These factors, for success and for failure, will act as a guideline for the scoring of the founder.

In [10]:
def request_key_factors(rationale):
    client = OpenAI(api_key = OPENAI_API_KEY)

    # Structuring the prompt for GPT-4
    with open("prompts/scoring_factor_prompt.txt", "r") as f:
        introduction = f.readline()
        request = f.read()
        
    prompt = introduction + "\n" + rationale + "\n" + request
    
    system_content = "You are an experienced venture capital analyst who is skilled at extracting " +\
                     "key founders for the success and failure of startup founders."

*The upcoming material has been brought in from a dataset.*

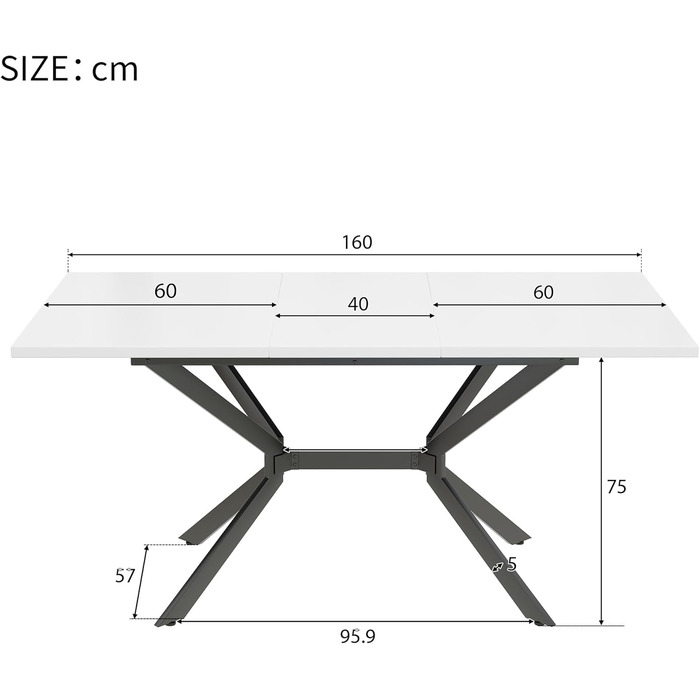 Розкладний обідній стіл Soweiz білий 120/160Д x 80Ш x 75В (см), чорні металеві ніжки, білий прямокутний обідній стіл, підходить для чотирьох-шести осіб, білий чорний 120/160Д x 80Ш x 75В (см)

    response = client.chat.completions.create(
        model="gpt-4",
        messages=[
            {"role": "system", "content": system_content},
            {"role": "user", "content": prompt}
        ],
        max_tokens=500  # Adjust as needed
    )

    text_response = response.choices[0].message.content.strip()
    
    return text_response

def extract_key_factors(text_response):

    # Process the response to extract factors
    success_factors = []
    failure_factors = []
    current_list = None

    for line in text_response.split('\n'):
        if line.startswith('Success'):
            success_factors.append(line.strip())
        elif line.startswith('Failure'):
            failure_factors.append(line.strip())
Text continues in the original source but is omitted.